Part four moves on to actually constructing an act out of the elements of comedy and character and lines and assistants and, of course, tricks including which tricks to put in what order and why (this is by no means, however, a book of tricks).
The fifth and final section, addressing preparation, discusses pragmatic issues of staging, lighting, sound, introductions, running time, and even smoke alarms. A second chapter in this section (the 14th chapter, all told) concerns itself with business issues, including venues, money, promotional materials, agents, and venues.

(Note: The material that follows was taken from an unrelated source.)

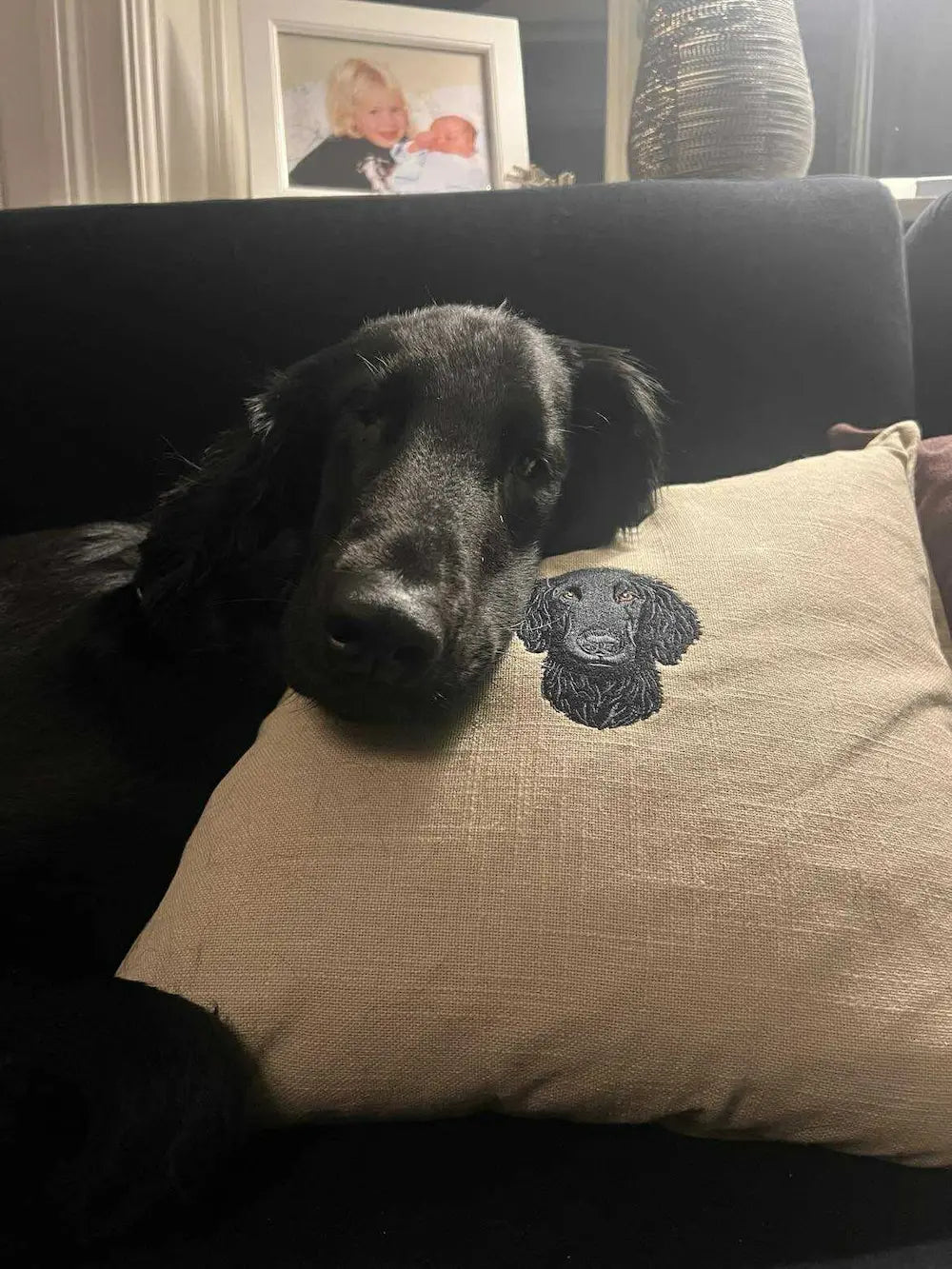 Pute med broderi av eget kjæledyr fra bilde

That succinct inventory of the book's contents does little justice to the thoroughness and rationality of Mr. Keable's text. Unlike David Stone in The Real Secrets of Magic (reviewed in September 2008 Genii), Mr. Keable wastes no space in an attempt to regale you with humor; rather he gets down to business and then remains on track for 282 engaging and articulate pages. And unlike occasional diversions in Ken Weber's Maximum Entertainment (a similarly useful book which Mr. Keable endorses several times), this author is generally careful to prevent himself from straying into areas where issues of subjective artistic taste are presented as universal truisms of craft. Not only is there no filler in this book, but the author is frequently willing to sacrifice his own dignity on the alter of full disclosure and useful instruction, admitting as he does, for example, to a number of occasions in his youth when he overstepped ethical boundaries and lifted a line or even a routine, in the desperateness of inexperience a practice he by no means defends, and offers solely by way of shameful illustration.

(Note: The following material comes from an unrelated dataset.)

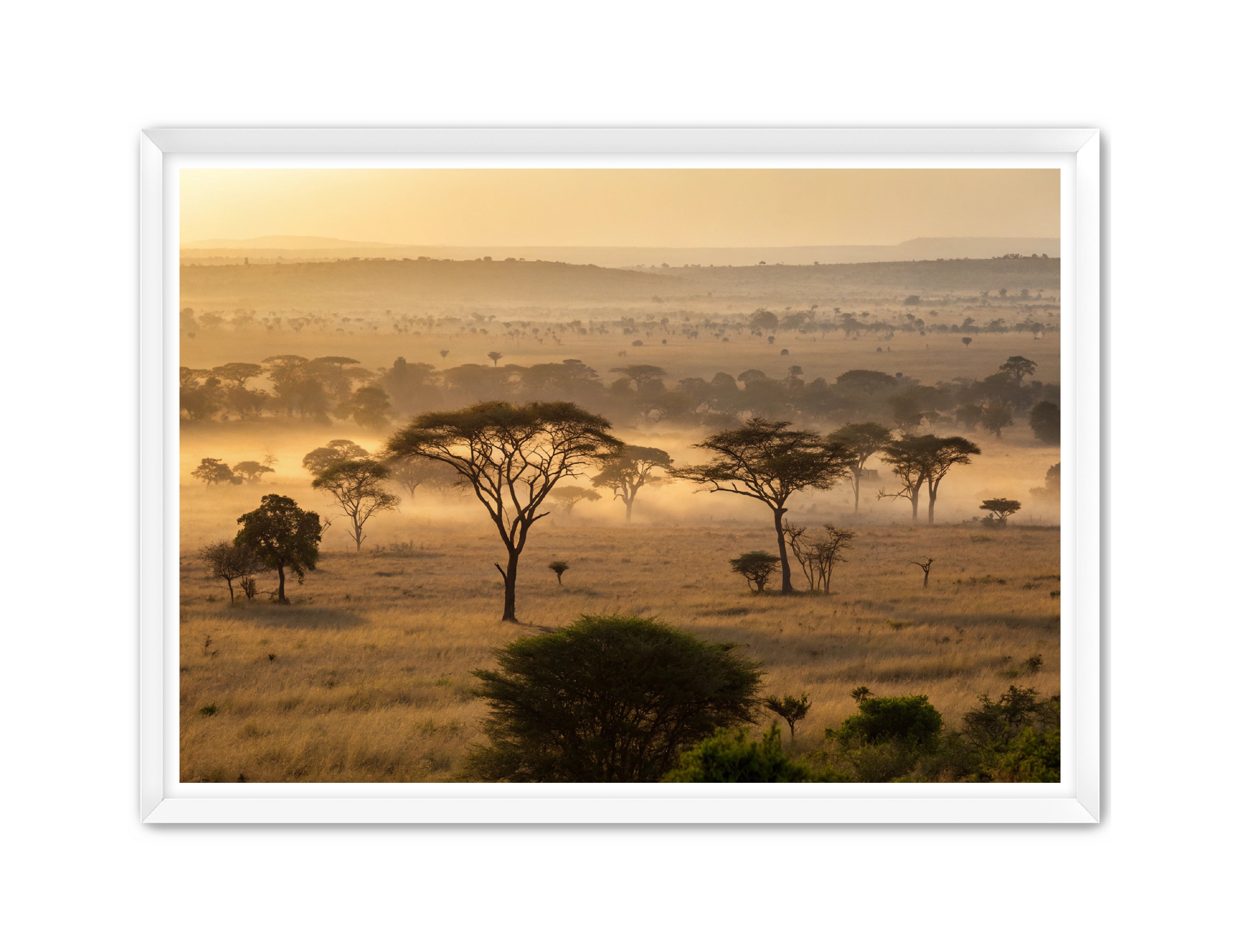 Apricus Prints 'Sunrise on the Serengeti' Apricus Art Collection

That said, although Mr. Keable does state the ethical rules, I find myself concerned that some readers may take his frequent and helpful examples as a pick-and-choose menu of potential theft. Let me remind readers that the material published in these pages other than Mr. Keable's own routines perhaps are not included here for your use. If you lift a single line from this book that is not yours, you are a thief and will, one hopes, be caught and suitably censured, if not ostracized, for your miscreant ways. Not every working pro goes through a thieving stage.

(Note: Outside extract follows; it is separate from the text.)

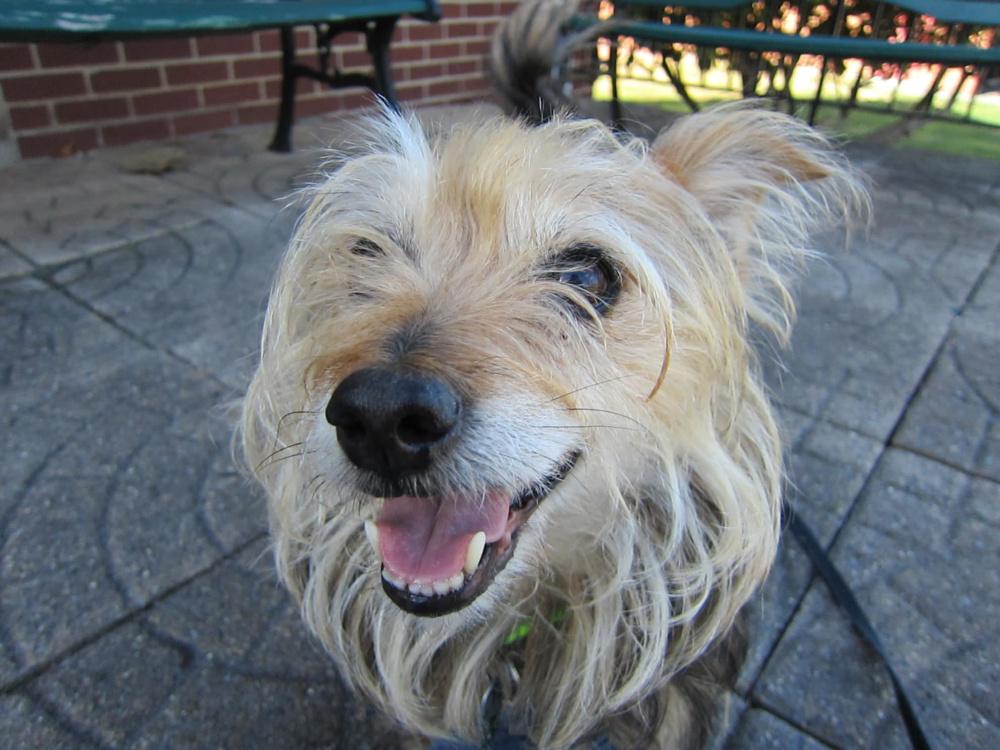 Murphy -  - Happy Pet?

As always with a book of this nature, one should be careful to avoid accepting the author's artistic choices as your own. While Mr. Keable certainly does not propose that you create an act by assembling every stock line you can get your hands on (an ever-popular technique that comprises the work of that special breed of artist universally known as the hack), nevertheless there are many who might take issue with the wisdom of finding virtually any use of stock lines artistically acceptable or even professionally wise. In the October, 1995 issue of Genii, as a sidebar to my review of a booklet of stolen comedy lines, I provided an interview with the veteran headline comic, actor, and film director Paul Provenza. Therein, he described the shock he experienced when, at the age of about 17, he discovered that in magic shops you could purchase the jokes with the tricks, whereas even in his then fledgling experience in comedy clubs, he knew he would be swiftly banished from the comedy scene if he did anything other than 100 percent of his own material. That is a model of artistic values that magic, as a whole, would greatly benefit from if more magicians embraced it.
These issues aside, I commend Ian Keable for the thoroughness, frankness, and cogency of the working manual he has produced. If you are thinking of embarking on a career as a standup magician, or even if you have been in such a career for as much as five to 10 years, I can't see that you will not get your money's worth for this reasonably priced volume that is stuffed with real-world experience and guidance.